Directions — Exactly as written and without the pictures, output the entries below.

BEGIN Supplied material

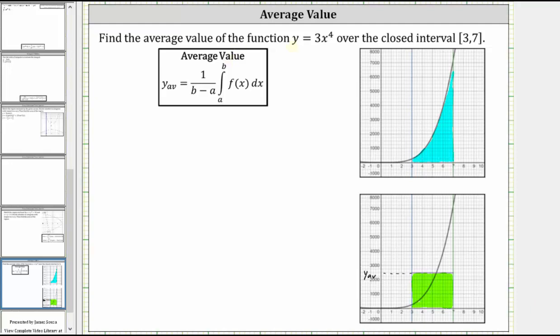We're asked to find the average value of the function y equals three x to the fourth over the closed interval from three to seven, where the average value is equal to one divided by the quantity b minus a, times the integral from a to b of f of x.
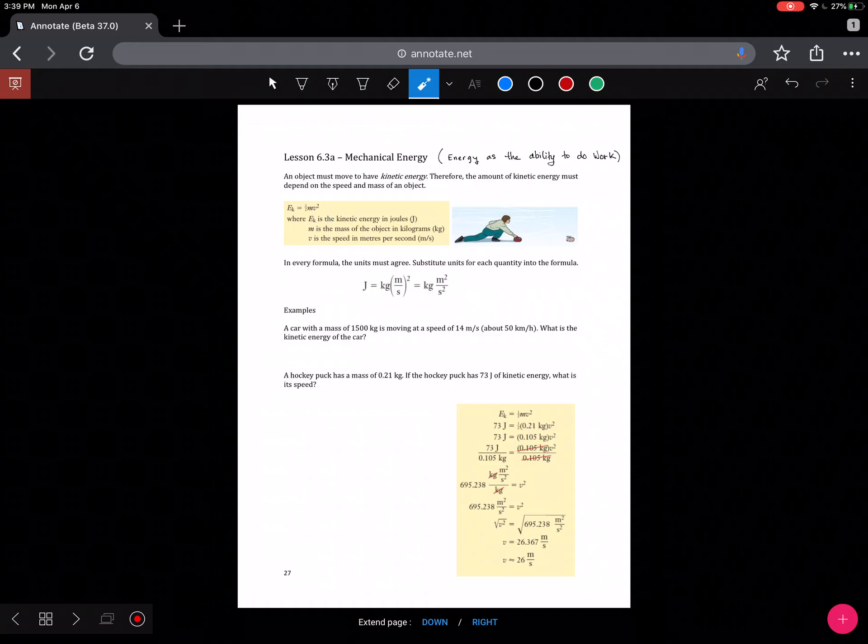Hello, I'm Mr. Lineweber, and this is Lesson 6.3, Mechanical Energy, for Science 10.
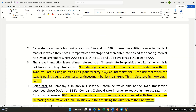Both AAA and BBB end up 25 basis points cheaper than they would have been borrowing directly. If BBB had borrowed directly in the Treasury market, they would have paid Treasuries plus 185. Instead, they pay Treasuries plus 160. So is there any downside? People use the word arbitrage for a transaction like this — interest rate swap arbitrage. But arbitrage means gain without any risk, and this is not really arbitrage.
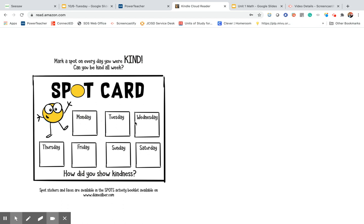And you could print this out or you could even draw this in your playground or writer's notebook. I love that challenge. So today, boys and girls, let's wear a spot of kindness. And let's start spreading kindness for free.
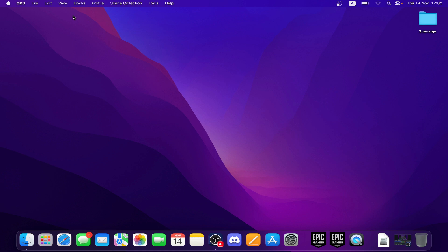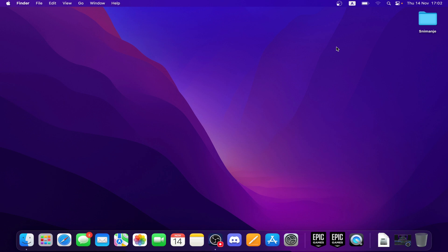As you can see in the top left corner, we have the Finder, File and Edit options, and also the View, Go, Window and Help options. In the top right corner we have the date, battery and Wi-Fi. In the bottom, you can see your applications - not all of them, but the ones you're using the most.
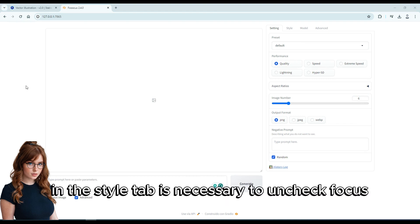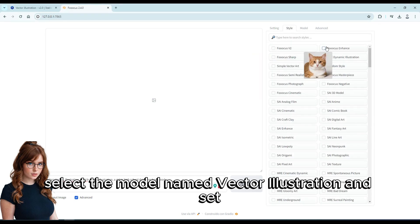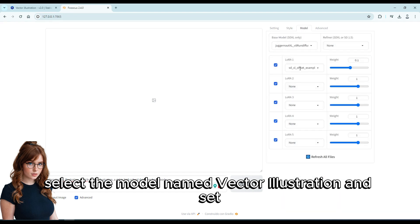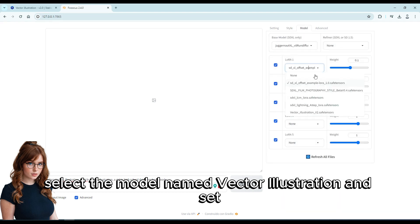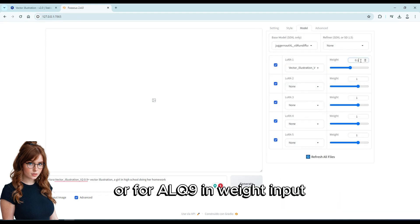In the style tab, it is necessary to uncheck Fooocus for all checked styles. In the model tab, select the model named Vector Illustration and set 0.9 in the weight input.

END Supplied material

Answer for this exercise —
We're asked to find the average value of the function y equals three x to the fourth over the closed interval from three to seven, where the average value is equal to one divided by the quantity b minus a, times the integral from a to b of f of x.
Hello, I'm Mr. Lineweber, and this is Lesson 6.3, Mechanical Energy, for Science 10.
Both AAA and BBB end up 25 basis points cheaper than they would have been borrowing directly. If BBB had borrowed directly in the Treasury market, they would have paid Treasuries plus 185. Instead, they pay Treasuries plus 160. So is there any downside? People use the word arbitrage for a transaction like this — interest rate swap arbitrage. But arbitrage means gain without any risk, and this is not really arbitrage.
And you could print this out or you could even draw this in your playground or writer's notebook. I love that challenge. So today, boys and girls, let's wear a spot of kindness. And let's start spreading kindness for free.
As you can see in the top left corner, we have the Finder, File and Edit options, and also the View, Go, Window and Help options. In the top right corner we have the date, battery and Wi-Fi. In the bottom, you can see your applications - not all of them, but the ones you're using the most.
In the style tab, it is necessary to uncheck Fooocus for all checked styles. In the model tab, select the model named Vector Illustration and set 0.9 in the weight input.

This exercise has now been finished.